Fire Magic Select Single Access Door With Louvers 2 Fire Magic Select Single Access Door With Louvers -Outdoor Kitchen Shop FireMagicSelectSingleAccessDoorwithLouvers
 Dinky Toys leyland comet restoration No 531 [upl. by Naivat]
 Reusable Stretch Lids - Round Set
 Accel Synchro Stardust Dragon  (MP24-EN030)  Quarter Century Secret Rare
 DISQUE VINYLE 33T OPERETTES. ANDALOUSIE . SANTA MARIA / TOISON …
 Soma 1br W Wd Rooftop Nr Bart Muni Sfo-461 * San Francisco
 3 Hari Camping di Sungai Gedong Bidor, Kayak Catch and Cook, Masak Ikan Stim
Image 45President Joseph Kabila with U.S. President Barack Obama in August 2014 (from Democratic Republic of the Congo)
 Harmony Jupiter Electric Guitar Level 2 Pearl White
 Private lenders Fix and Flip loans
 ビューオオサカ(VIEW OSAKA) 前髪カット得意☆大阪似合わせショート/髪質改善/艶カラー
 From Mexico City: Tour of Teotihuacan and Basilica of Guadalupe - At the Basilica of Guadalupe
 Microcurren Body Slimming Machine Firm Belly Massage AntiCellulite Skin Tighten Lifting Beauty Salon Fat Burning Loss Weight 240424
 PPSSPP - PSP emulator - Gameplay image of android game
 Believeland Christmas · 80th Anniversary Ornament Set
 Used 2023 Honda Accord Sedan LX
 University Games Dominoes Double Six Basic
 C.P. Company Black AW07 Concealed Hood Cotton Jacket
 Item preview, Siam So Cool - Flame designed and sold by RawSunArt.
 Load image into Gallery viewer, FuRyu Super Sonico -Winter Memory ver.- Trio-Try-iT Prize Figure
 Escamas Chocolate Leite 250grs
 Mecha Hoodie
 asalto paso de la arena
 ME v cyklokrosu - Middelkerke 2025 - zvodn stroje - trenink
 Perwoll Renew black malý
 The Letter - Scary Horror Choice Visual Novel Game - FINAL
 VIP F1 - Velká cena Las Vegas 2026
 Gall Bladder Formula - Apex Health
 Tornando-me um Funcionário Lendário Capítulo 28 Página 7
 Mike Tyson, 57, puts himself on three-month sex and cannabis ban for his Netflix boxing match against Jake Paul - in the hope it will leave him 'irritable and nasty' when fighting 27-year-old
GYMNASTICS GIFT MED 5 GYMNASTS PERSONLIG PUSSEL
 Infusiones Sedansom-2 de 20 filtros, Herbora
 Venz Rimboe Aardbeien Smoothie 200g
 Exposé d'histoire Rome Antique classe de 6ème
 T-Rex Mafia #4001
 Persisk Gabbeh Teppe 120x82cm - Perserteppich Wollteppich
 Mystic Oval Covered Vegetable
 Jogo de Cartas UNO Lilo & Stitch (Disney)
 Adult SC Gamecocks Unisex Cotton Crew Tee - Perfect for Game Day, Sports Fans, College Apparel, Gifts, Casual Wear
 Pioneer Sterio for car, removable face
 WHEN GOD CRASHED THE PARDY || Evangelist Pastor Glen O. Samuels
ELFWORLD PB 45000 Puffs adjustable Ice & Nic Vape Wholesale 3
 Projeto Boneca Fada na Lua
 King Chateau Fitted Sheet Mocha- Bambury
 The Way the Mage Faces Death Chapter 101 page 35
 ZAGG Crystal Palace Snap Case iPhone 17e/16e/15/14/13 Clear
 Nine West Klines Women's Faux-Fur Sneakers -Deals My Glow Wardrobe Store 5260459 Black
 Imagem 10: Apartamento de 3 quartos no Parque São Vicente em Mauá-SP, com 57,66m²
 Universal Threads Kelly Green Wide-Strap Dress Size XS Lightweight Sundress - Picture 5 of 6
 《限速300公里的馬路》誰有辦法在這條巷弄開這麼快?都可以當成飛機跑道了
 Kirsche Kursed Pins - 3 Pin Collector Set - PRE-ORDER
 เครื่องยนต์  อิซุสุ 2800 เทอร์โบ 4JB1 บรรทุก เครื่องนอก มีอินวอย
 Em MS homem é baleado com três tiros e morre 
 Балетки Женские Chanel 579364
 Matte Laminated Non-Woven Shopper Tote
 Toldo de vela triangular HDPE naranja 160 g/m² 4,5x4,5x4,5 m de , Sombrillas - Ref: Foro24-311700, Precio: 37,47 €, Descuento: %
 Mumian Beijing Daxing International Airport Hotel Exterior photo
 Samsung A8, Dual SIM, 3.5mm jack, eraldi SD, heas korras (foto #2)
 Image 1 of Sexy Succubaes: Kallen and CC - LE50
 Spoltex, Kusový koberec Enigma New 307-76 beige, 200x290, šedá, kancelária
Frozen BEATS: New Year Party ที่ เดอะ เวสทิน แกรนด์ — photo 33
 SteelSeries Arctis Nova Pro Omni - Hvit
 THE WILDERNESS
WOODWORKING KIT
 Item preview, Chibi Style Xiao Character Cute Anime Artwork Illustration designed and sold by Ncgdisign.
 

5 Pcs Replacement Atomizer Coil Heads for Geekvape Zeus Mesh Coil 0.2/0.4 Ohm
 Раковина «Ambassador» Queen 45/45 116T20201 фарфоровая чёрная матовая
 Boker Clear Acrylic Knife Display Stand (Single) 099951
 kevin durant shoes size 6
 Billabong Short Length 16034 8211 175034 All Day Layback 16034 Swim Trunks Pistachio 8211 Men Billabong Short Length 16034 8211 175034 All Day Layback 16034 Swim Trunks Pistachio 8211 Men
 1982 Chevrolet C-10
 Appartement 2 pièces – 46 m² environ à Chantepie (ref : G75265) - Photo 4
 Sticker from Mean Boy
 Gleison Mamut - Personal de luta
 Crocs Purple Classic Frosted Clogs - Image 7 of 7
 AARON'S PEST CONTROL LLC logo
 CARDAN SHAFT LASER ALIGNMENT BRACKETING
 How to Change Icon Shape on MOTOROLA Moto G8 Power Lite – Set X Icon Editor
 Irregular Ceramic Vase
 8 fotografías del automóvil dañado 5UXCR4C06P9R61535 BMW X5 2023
—————
Exercise objective → Which lines of the data contain the string "Item"? Copy each of them.

Task solution →
 Item preview, Siam So Cool - Flame designed and sold by RawSunArt.
 Item preview, Chibi Style Xiao Character Cute Anime Artwork Illustration designed and sold by Ncgdisign.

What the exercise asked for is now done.